Emilia Attias, rostro televisivo si los hay, interpreta a una actriz televisiva en plena fuga. La fuga que no va a ninguna parte se ancla con su presente y esa suerte de hastío existencial cuando nada de lo que la rodea la completa. Caminar en el desierto sin emitir una palabra por media hora de película no es ninguna garantía para captar algo de atención, más allá de los estériles intentos de introducir otro contraste de verborragia y algo de humor que desentona a cada segundo, a pesar de la sobreactuación de otro rostro televisivo como Adriana Salonia.
Nada de lo que le ocurre a Fran (así se llama el personaje de Attias) resulta interesante como para entender su búsqueda espiritual, ni siquiera los flashbacks sonoros o la ambigüedad con el personaje de Salonia, su híper histrionismo y la referencia obvia a todo estereotipo que se precie. Incluso al uso “a piaccere” del ya remañido contraste entre lo material y lo espiritual.

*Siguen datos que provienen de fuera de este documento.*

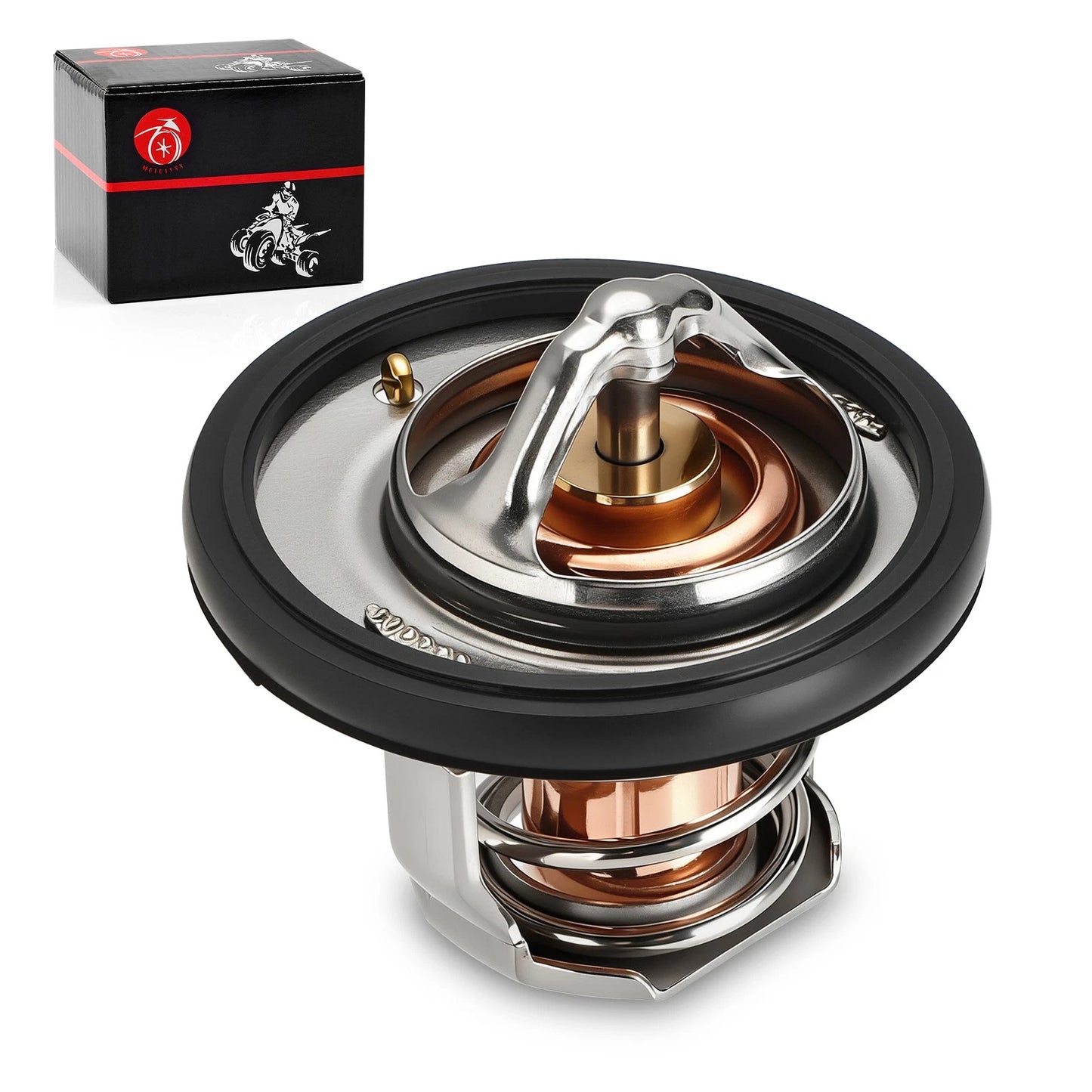 Thermostat for Kawasaki Mule PRODXT (2016–2024)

Lo único destacable en La sequía no necesita la presencia de humanos ni palabras: los sonidos del silencio y la imponente presencia de los colores de Fiambalá, que parecen guiar la atención hacia ese espacio luminoso para la mirada porque nada de lo que transmita la imagen o el pequeño tour de force de Emilia Attias supera al menos un plano de esa majestuosidad natural.